No letup in Russian strikes on Ukrainian town of Avdiivka

KYIV (Reuters) -Russia's military pressed on with fierce assaults on the eastern Ukrainian town of Avdiivka on Saturday, with shelling so fierce that emergency crews were unable to recover the dead from wrecked buildings, the town's top administrative official said.

It was the fifth straight day of assaults on the town in Ukraine's industrial heartland of Donbas, focal point of Moscow's 19-month-old invasion of its neighbour.

Both Russia and the United States have described the upsurge in violence around Avdiivka as a new Russian offensive.

Fighting intensified in other sectors of the 1,000-km-long (600-mile) front. One top Ukrainian commander said clashes further north had "significantly worsened", while another said Russian losses were mounting in the war's southern sectors.
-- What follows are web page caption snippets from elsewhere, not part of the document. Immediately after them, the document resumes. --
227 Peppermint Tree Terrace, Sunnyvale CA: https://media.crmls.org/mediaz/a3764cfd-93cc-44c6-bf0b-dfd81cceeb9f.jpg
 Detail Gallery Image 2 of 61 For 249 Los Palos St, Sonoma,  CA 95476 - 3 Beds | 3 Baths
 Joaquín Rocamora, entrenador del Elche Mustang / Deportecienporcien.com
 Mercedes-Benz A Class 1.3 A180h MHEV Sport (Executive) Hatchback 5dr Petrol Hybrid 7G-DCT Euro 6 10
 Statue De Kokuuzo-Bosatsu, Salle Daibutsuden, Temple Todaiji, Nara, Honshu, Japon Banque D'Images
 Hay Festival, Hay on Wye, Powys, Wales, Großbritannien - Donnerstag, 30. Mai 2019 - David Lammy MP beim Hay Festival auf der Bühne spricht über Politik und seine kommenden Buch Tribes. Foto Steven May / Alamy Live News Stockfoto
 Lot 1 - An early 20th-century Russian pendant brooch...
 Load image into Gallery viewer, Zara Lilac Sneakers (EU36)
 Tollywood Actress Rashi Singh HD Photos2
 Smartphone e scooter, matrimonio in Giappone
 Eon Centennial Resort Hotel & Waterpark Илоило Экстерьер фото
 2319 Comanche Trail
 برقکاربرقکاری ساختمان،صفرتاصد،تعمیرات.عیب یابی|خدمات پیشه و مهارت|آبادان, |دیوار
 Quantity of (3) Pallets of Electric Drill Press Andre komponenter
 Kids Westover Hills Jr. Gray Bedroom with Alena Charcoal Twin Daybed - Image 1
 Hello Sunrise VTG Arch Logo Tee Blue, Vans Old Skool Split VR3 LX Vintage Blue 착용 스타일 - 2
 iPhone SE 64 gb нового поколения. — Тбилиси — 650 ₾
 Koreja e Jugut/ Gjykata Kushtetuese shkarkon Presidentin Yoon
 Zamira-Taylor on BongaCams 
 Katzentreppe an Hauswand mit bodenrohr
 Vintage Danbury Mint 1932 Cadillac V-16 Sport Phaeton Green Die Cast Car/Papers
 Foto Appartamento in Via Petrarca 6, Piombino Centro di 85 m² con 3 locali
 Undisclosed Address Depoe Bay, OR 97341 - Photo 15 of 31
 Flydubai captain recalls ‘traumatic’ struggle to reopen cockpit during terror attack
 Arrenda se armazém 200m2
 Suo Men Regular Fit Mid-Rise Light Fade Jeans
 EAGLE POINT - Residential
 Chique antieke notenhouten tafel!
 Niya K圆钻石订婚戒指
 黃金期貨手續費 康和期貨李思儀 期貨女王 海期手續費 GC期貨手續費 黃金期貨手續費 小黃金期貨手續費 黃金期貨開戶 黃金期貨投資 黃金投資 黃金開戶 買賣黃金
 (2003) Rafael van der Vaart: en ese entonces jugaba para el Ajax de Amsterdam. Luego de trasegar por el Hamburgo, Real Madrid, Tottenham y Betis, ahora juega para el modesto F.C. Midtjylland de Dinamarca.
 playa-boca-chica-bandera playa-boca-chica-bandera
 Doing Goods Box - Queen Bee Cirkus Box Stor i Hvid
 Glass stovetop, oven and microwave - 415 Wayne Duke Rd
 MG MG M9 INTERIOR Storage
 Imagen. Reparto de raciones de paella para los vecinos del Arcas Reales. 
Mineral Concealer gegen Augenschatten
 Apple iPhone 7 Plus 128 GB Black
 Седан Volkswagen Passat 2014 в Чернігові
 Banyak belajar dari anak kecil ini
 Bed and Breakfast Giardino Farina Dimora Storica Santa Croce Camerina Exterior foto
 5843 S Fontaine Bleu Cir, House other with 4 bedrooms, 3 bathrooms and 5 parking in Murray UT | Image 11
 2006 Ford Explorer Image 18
Vitaliy Barabash, head of Avdiivka's military administration, said residents had experienced a rare overnight respite from air strikes, but attacks had resumed at daybreak.

"They are striking with everything they have. Bouts of shooting, artillery, multiple rocket launchers, mortars and a lot of aircraft," Barabash told national television.

All rescue operations had been halted, he said, amid reports of people believed to be trapped under rubble of buildings levelled by shelling and air strikes.

"Operations cannot take place in such conditions. It is frightening to leave because the road is under fire. And no easier to stay as there is no place, no basement that can withstand the strikes."

Barabash said 1,620 residents remained in Avdiivka, a town with a large coking plant and a pre-war population of 32,000.

Oleksandr Stupun, a military spokesperson, said Avdiivka was important for Moscow "because it is the only chance to show some kind of victory. They have no other options."

Russian forces in the area, he told national television, "have been increasing for four days in a row. That's why the enemy is taking revenge on the civilian population."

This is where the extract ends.